Write out each record below exactly as it appears, with no pictures.

-- Opening Marker --

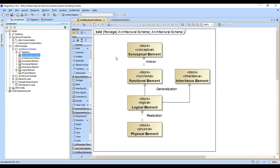The intent of this video is to show how the architectural schema is laid out for the System Modeling Guild profile.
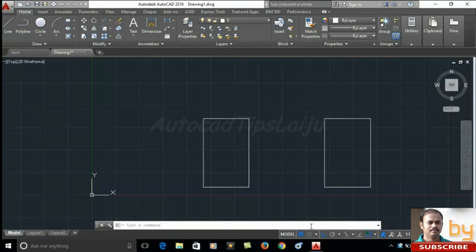Hello friends, today in this video I will explain how to create a block in AutoCAD 2016 and how to delete unwanted blocks from a drawing.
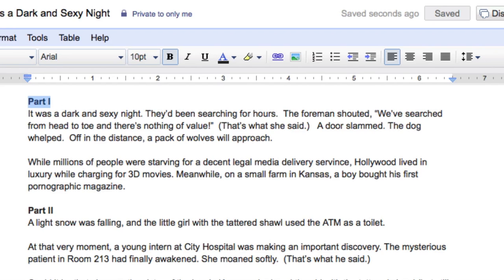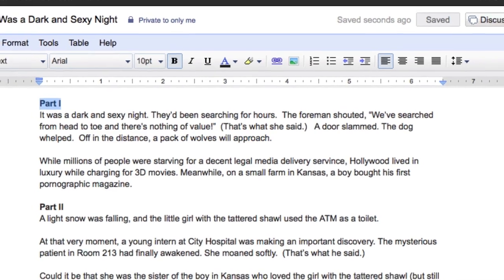It was a dark and sexy night. Part one. It was a dark and sexy night - now that's original. They'd been searching for hours. The foreman shouted, 'We've searched from head to toe and there's nothing of value.' That's what she said. A door slammed, the dog whelped. Off in the distance, a pack of wolves will approach. That's not even grammatically correct.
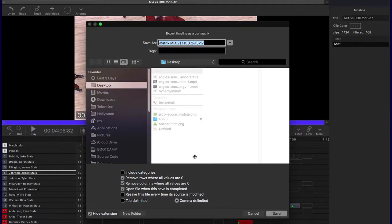There are several options. You can include the categories for the qualifiers if you wish. You can have it remove rows or columns where the values are zero, which kind of cleans things up. Sometimes you do want the zeros in there, but in this case I don't. You can have it immediately open up a file so you can start editing it straight away.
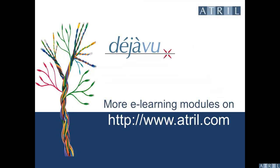Find more e-learning modules on www.atreal.com.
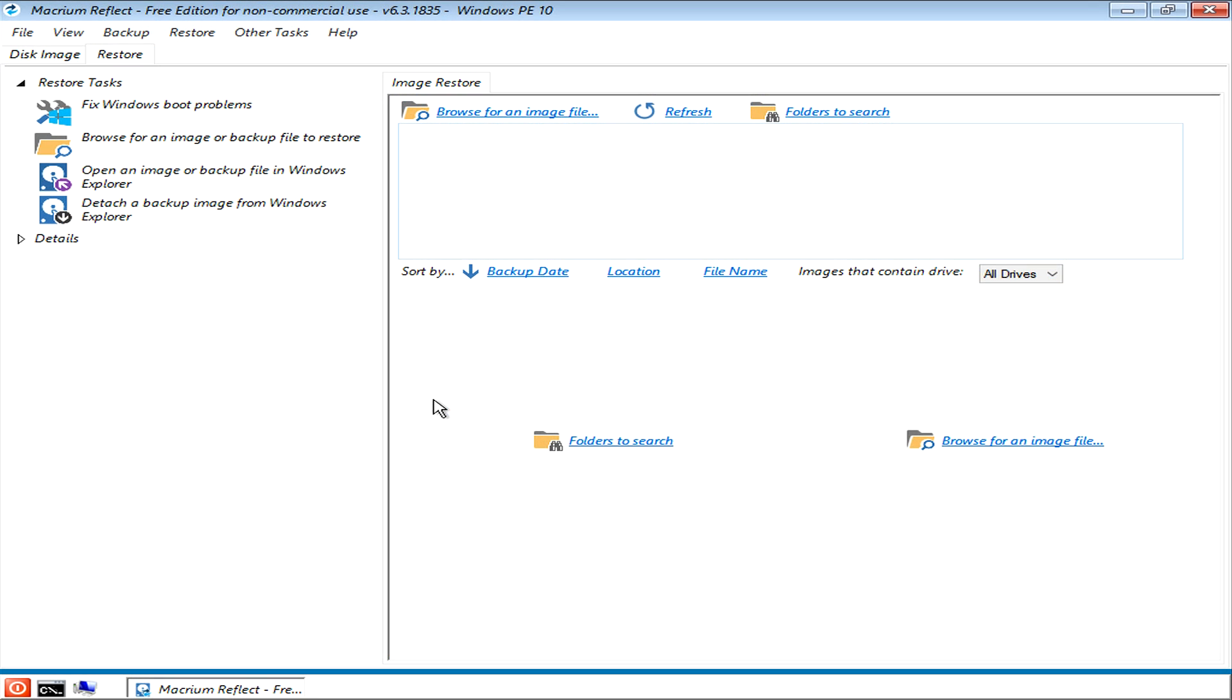Hi, I'm David Harry, and in this video I'm going to show you how to use a Macrium Reflect Rescue Disk to create disk images.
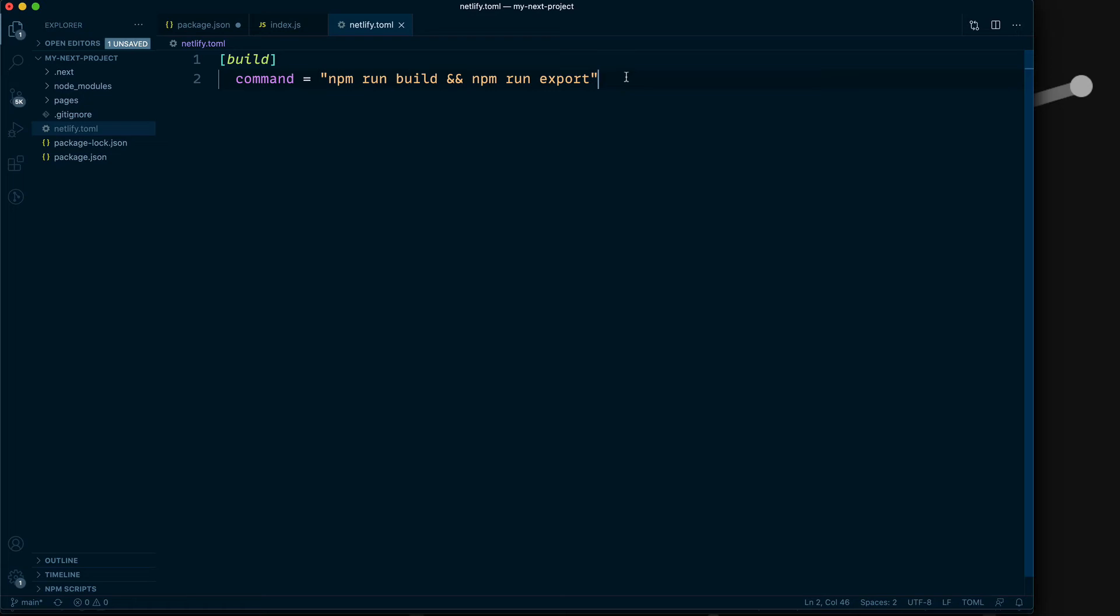Once that happens, it creates a directory called 'out'. So if you do publish = "out" like this, this is all you need to get your site properly published to Netlify.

-- Closing Marker --

■ Problem solution ■
The intent of this video is to show how the architectural schema is laid out for the System Modeling Guild profile.
Hello friends, today in this video I will explain how to create a block in AutoCAD 2016 and how to delete unwanted blocks from a drawing.
It was a dark and sexy night. Part one. It was a dark and sexy night - now that's original. They'd been searching for hours. The foreman shouted, 'We've searched from head to toe and there's nothing of value.' That's what she said. A door slammed, the dog whelped. Off in the distance, a pack of wolves will approach. That's not even grammatically correct.
There are several options. You can include the categories for the qualifiers if you wish. You can have it remove rows or columns where the values are zero, which kind of cleans things up. Sometimes you do want the zeros in there, but in this case I don't. You can have it immediately open up a file so you can start editing it straight away.
Find more e-learning modules on www.atreal.com.
Hi, I'm David Harry, and in this video I'm going to show you how to use a Macrium Reflect Rescue Disk to create disk images.
Once that happens, it creates a directory called 'out'. So if you do publish = "out" like this, this is all you need to get your site properly published to Netlify.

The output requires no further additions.